— WHAT IS EXPECTED —
Please restate the records that follow exactly, skipping their images.

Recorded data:
Start of Block

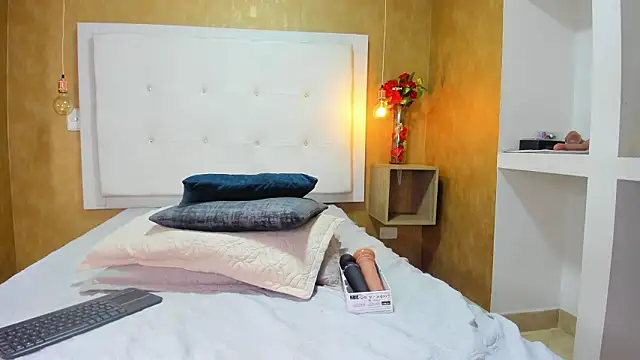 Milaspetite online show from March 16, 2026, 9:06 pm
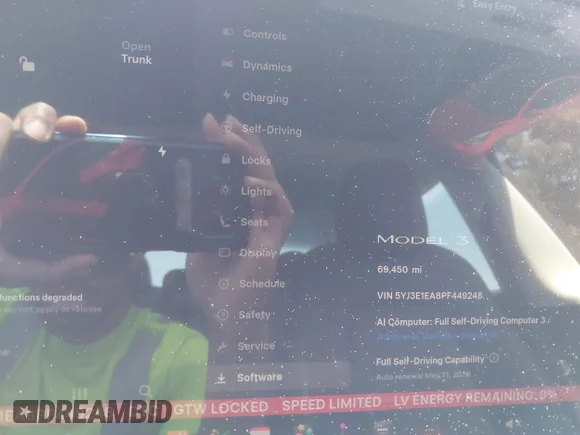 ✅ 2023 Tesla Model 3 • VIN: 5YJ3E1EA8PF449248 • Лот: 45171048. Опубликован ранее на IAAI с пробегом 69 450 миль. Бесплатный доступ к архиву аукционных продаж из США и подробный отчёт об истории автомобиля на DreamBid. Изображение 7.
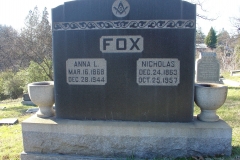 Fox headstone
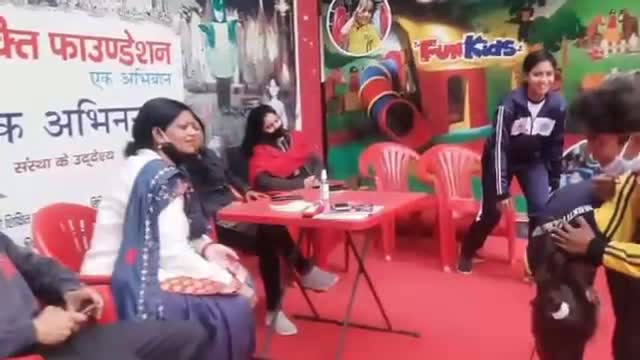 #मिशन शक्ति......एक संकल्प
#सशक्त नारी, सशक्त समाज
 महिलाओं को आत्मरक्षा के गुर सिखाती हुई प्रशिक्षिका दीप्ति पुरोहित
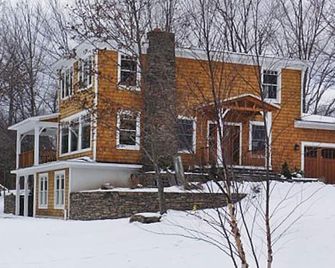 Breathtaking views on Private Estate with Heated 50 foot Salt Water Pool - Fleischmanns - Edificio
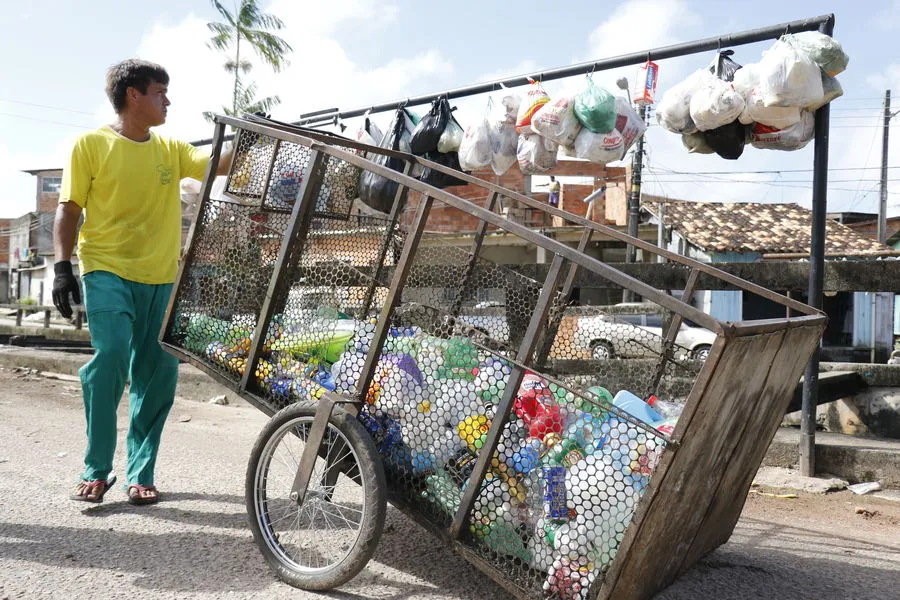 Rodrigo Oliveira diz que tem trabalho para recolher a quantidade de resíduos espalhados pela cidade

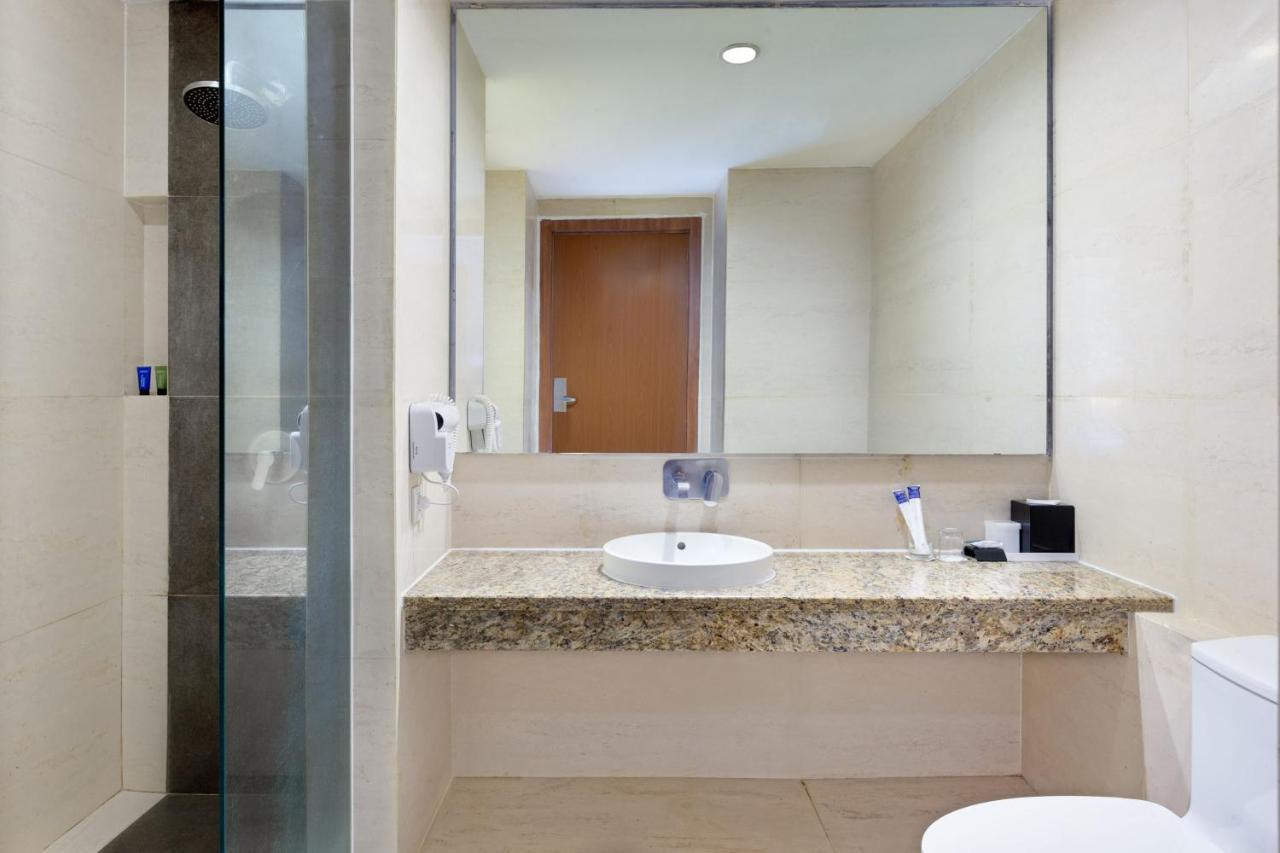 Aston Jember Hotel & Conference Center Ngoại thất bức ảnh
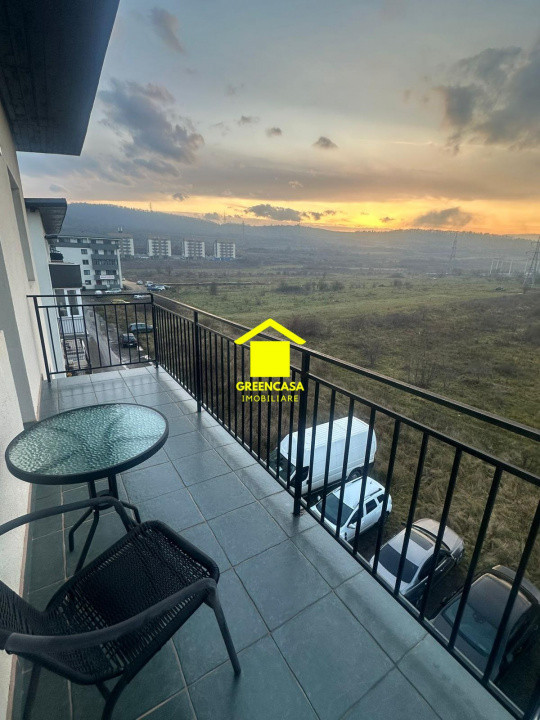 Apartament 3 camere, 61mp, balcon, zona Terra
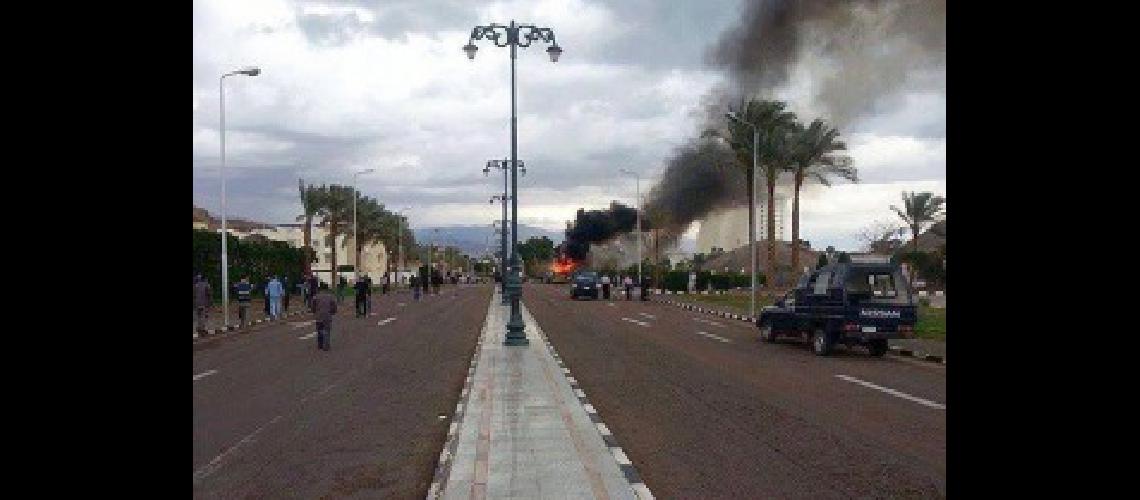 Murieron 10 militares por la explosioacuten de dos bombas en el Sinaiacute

End of Block

— FINISHED TASK —
 Milaspetite online show from March 16, 2026, 9:06 pm
 ✅ 2023 Tesla Model 3 • VIN: 5YJ3E1EA8PF449248 • Лот: 45171048. Опубликован ранее на IAAI с пробегом 69 450 миль. Бесплатный доступ к архиву аукционных продаж из США и подробный отчёт об истории автомобиля на DreamBid. Изображение 7.
 Fox headstone
 #मिशन शक्ति......एक संकल्प
#सशक्त नारी, सशक्त समाज
 महिलाओं को आत्मरक्षा के गुर सिखाती हुई प्रशिक्षिका दीप्ति पुरोहित
 Breathtaking views on Private Estate with Heated 50 foot Salt Water Pool - Fleischmanns - Edificio
 Rodrigo Oliveira diz que tem trabalho para recolher a quantidade de resíduos espalhados pela cidade

 Aston Jember Hotel & Conference Center Ngoại thất bức ảnh
 Apartament 3 camere, 61mp, balcon, zona Terra
 Murieron 10 militares por la explosioacuten de dos bombas en el Sinaiacute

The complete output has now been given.